**EXERCISE PROMPT:**
Transcribe nothing except the lines below that run from the one with "Super White /" to the one with "Audi Q7 3.0 TFSI Quattro Tiptronic - 12", ends included, and do not copy any picture.

**SOURCE DATA:**
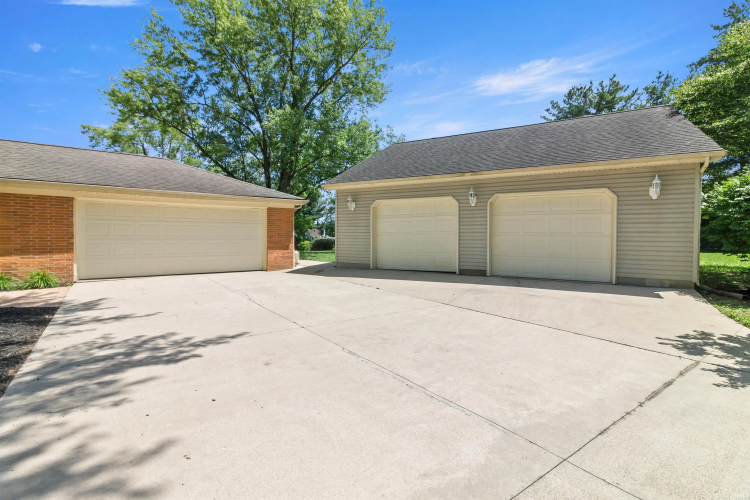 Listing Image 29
* * *
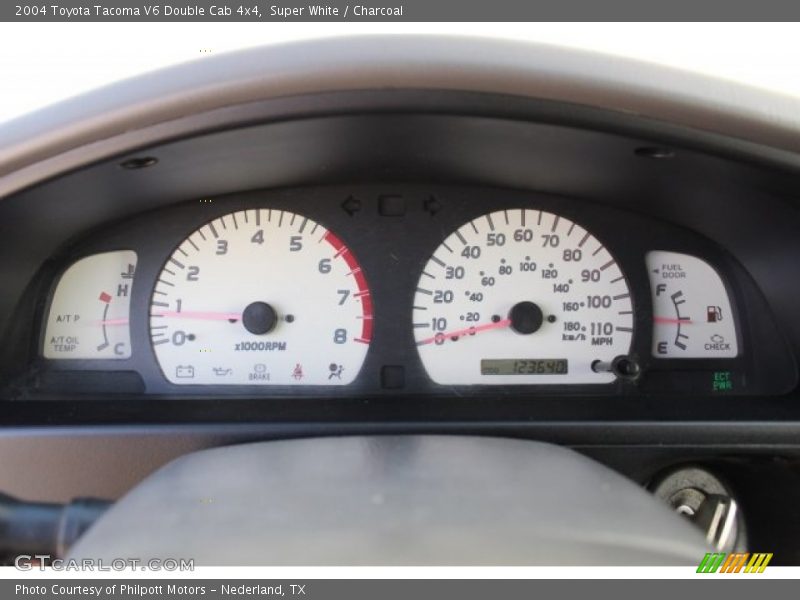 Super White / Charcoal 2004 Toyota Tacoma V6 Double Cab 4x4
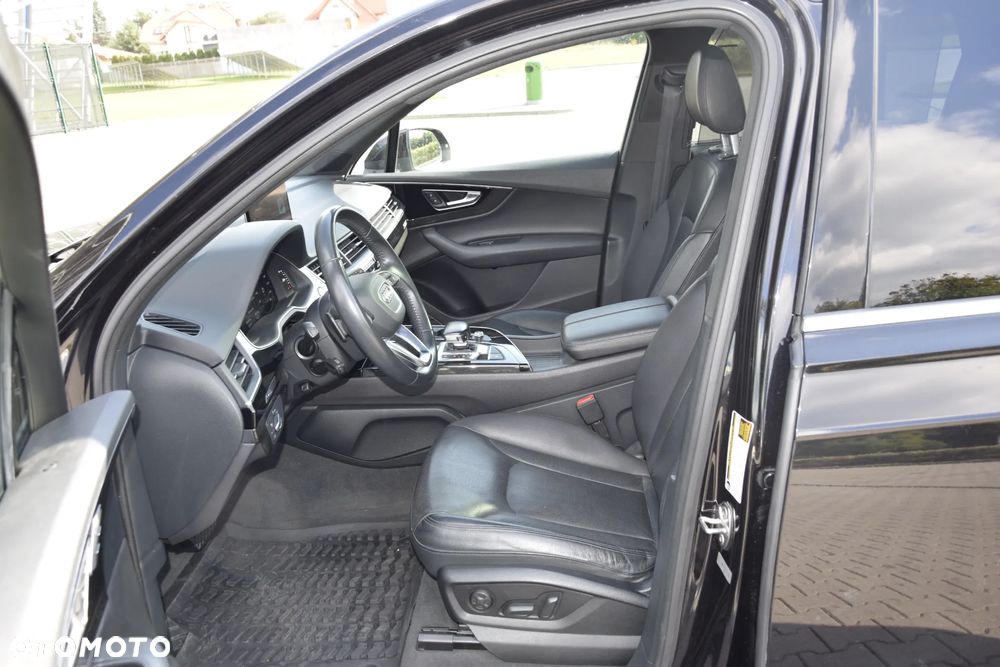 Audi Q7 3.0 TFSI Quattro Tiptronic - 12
==
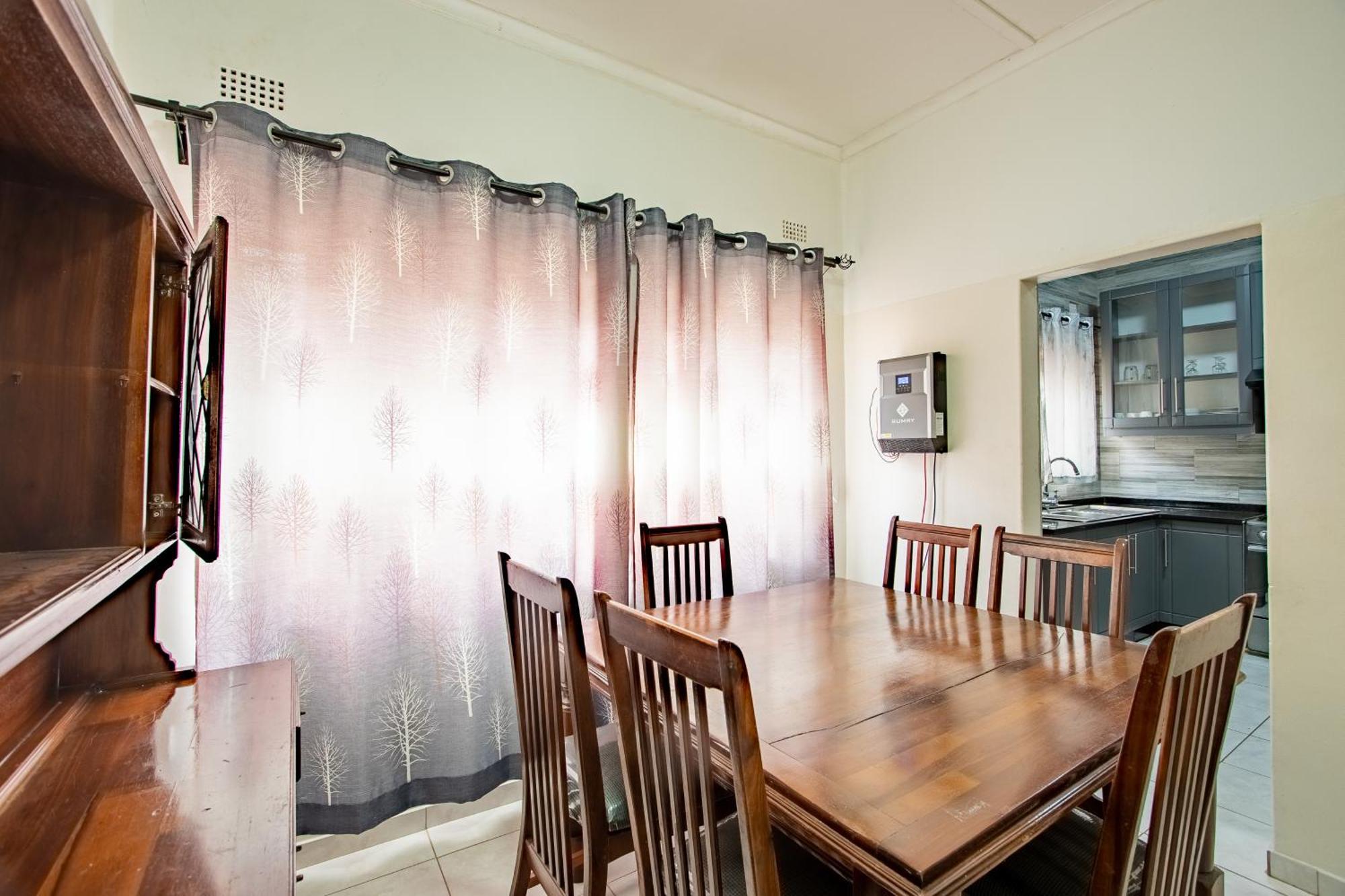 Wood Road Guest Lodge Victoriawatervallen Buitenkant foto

**OUTPUT FOR THIS TASK:**
 Super White / Charcoal 2004 Toyota Tacoma V6 Double Cab 4x4
 Audi Q7 3.0 TFSI Quattro Tiptronic - 12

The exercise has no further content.